#### [Exercise data]
------------------------------------------------------------

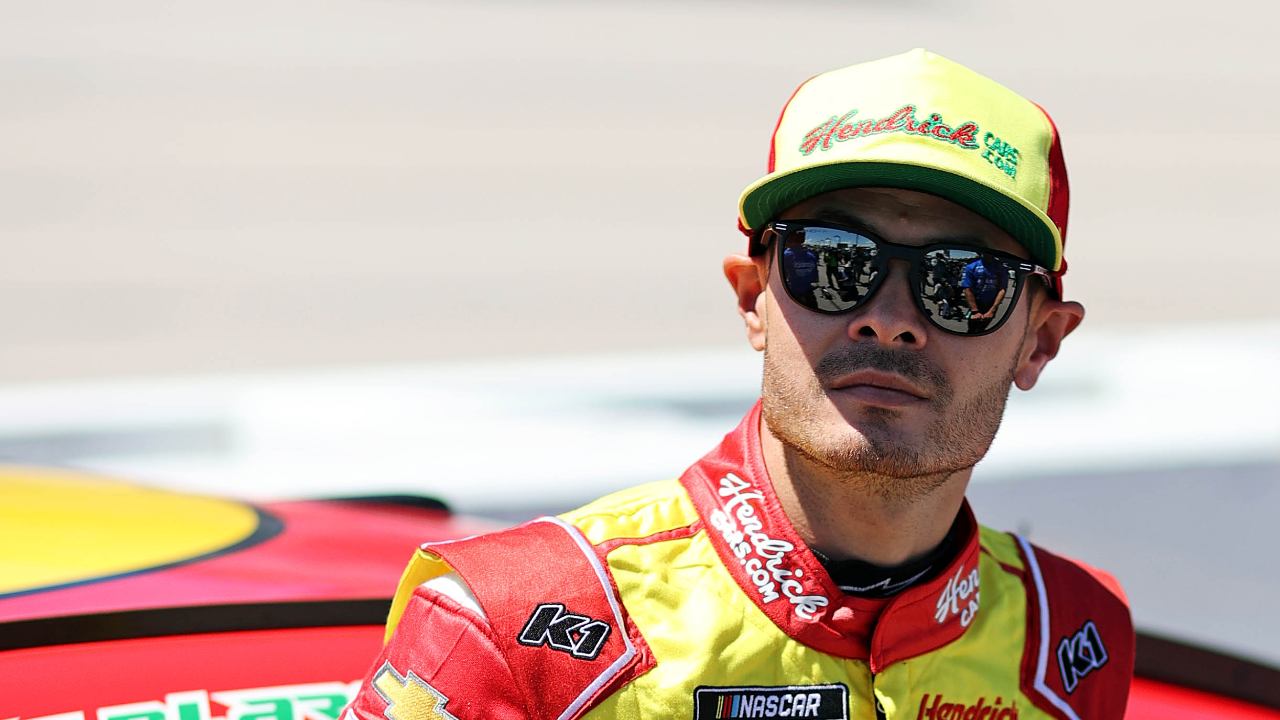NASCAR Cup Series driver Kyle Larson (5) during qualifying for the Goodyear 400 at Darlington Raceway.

------------------------------------------------------------

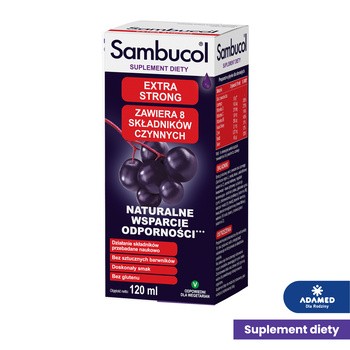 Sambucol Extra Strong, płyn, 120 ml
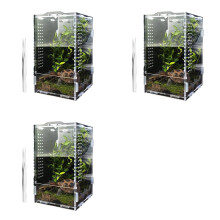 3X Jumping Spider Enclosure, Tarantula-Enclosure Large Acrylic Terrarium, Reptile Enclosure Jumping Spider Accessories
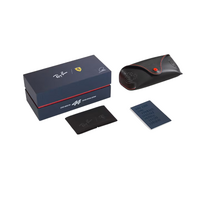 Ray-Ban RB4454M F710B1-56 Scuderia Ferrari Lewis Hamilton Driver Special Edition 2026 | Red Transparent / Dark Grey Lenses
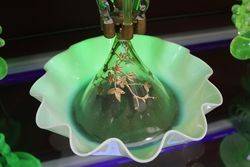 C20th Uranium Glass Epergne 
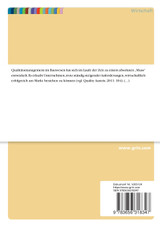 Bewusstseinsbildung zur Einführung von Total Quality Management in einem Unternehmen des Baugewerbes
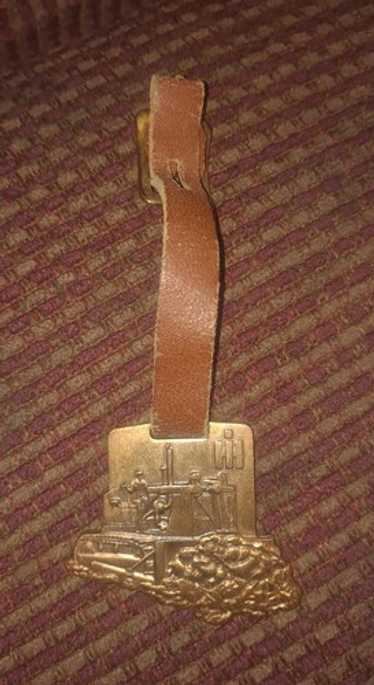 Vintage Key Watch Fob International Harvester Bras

------------------------------------------------------------

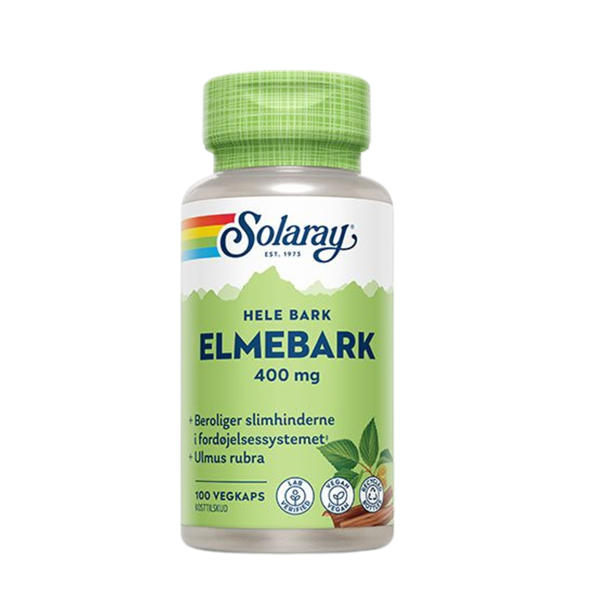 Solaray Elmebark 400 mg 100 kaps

------------------------------------------------------------

#### [Work order]
Repeat the lines above exactly, beginning with the one containing "Ray-Ban RB4454M F710B1-56" and finishing with the one containing "Vintage Key Watch". No pictures belong in the copy.

#### [Answer space]
 Ray-Ban RB4454M F710B1-56 Scuderia Ferrari Lewis Hamilton Driver Special Edition 2026 | Red Transparent / Dark Grey Lenses
 C20th Uranium Glass Epergne 
 Bewusstseinsbildung zur Einführung von Total Quality Management in einem Unternehmen des Baugewerbes
 Vintage Key Watch Fob International Harvester Bras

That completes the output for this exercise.